About this task: The records below must be repeated exactly, but without their pictures.

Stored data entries
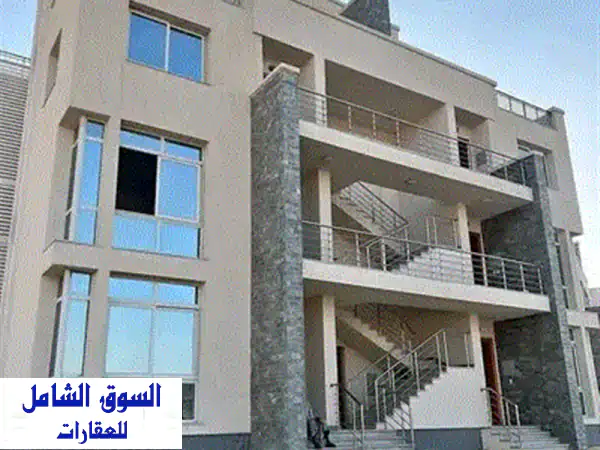 بالقرب من ابراج  العلمين _صف اول لاجون _عائد ايجاري بالدولار _ شاليه للبيع في مارينا 8 الساحل الشمالي _ دقايق من الي مراسي & الحي اللاتيني 3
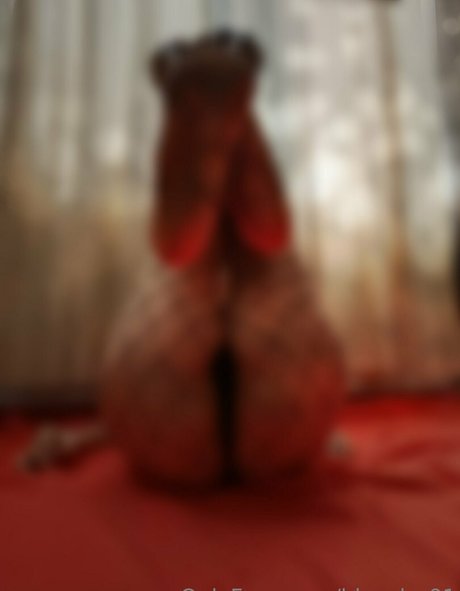 bluesky 01 modelo sexy imagen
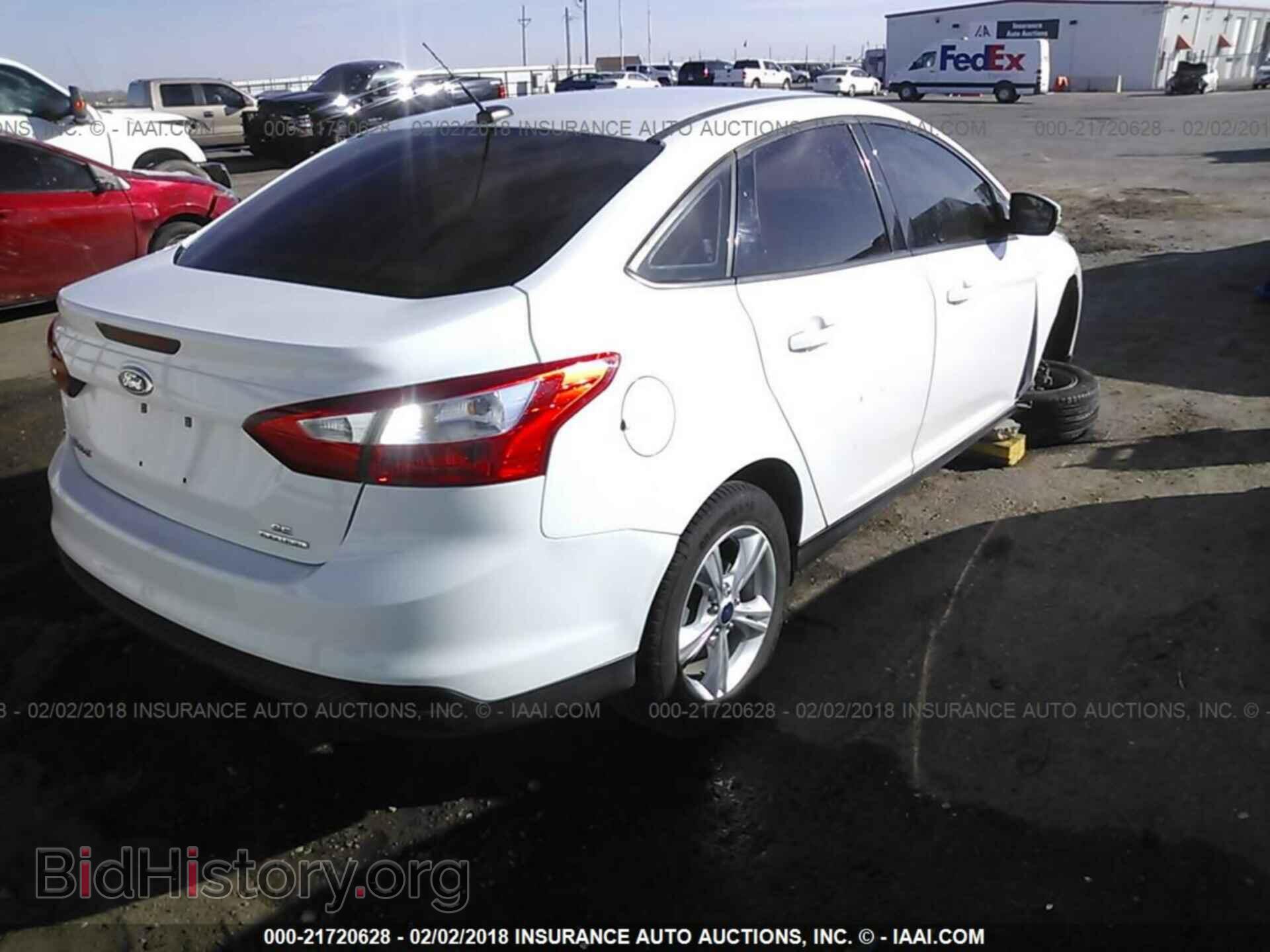 2013 Ford Focus - VIN: 1FADP3F22DL137877 - Фото 4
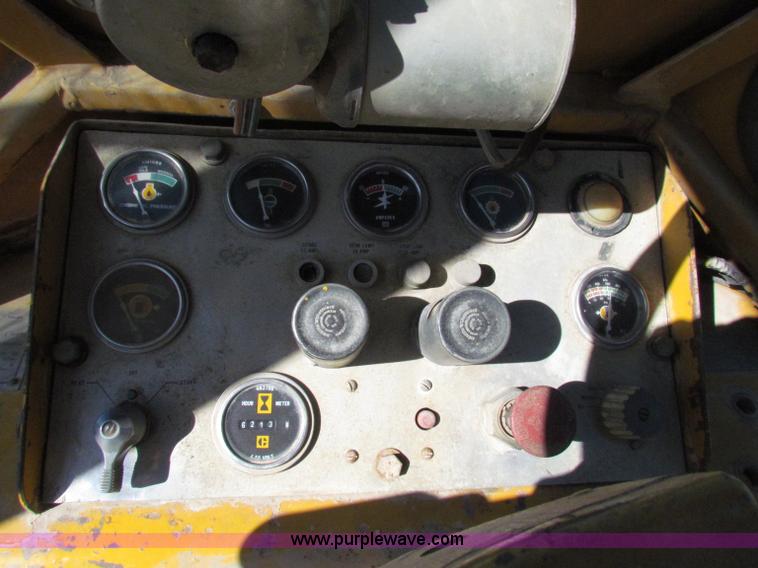 image for item E8045 1974 Caterpillar 966C wheel loader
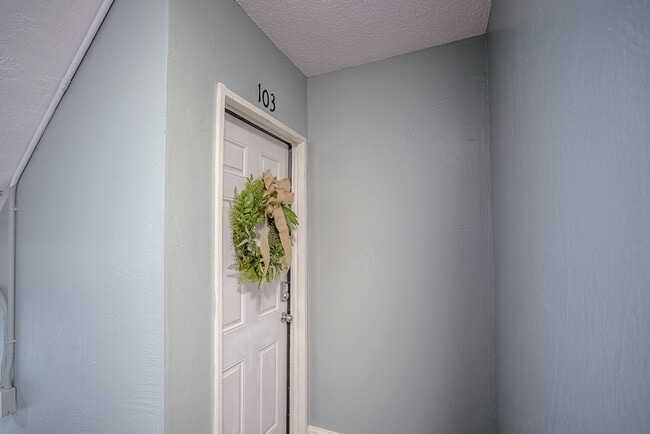 Building Photo - 3811 Mercier St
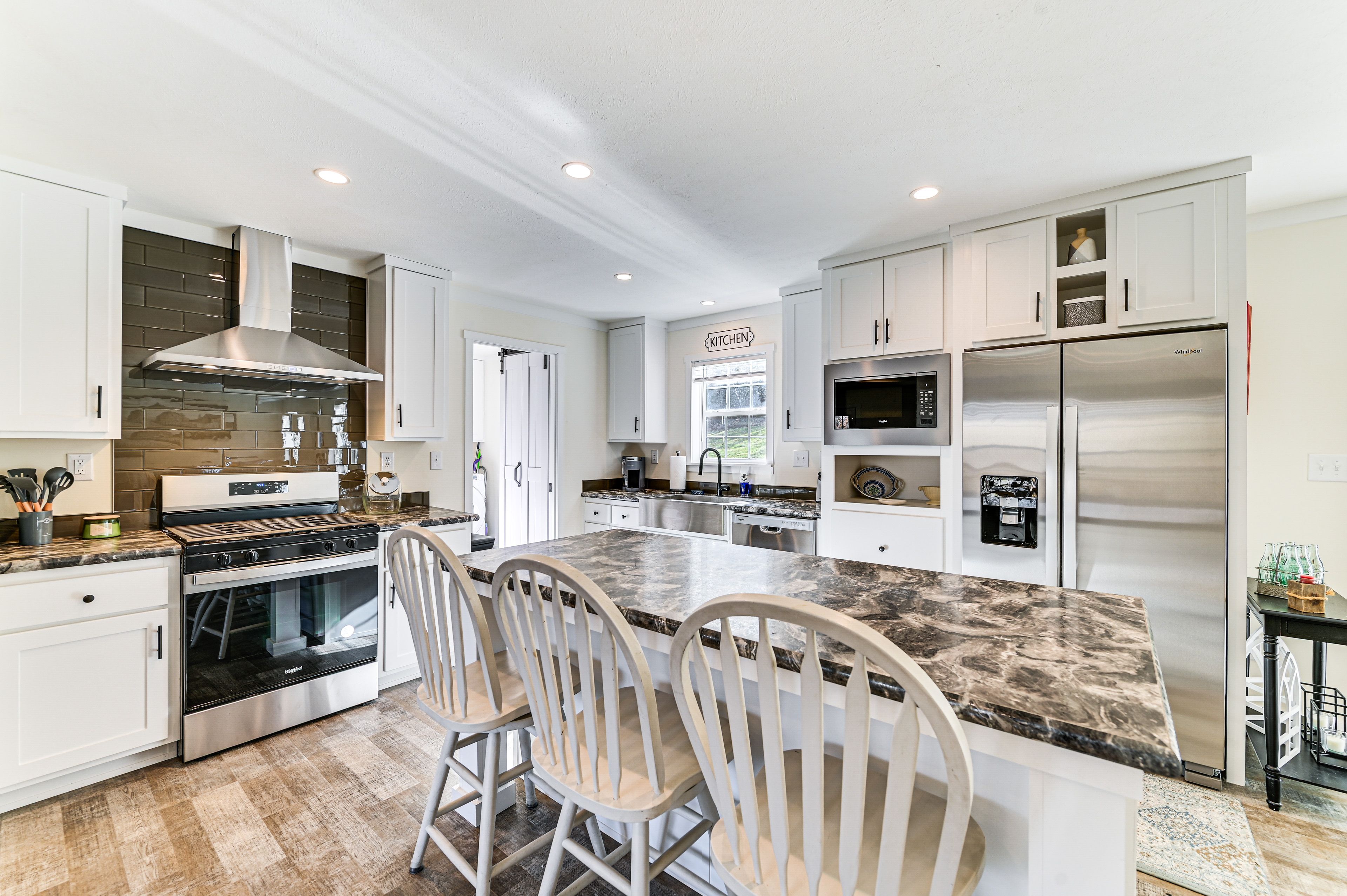 Kitchen | Cooking Basics | Keurig Coffee Maker | Microwave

Task output:
 بالقرب من ابراج  العلمين _صف اول لاجون _عائد ايجاري بالدولار _ شاليه للبيع في مارينا 8 الساحل الشمالي _ دقايق من الي مراسي & الحي اللاتيني 3
 bluesky 01 modelo sexy imagen
 2013 Ford Focus - VIN: 1FADP3F22DL137877 - Фото 4
 image for item E8045 1974 Caterpillar 966C wheel loader
 Building Photo - 3811 Mercier St
 Kitchen | Cooking Basics | Keurig Coffee Maker | Microwave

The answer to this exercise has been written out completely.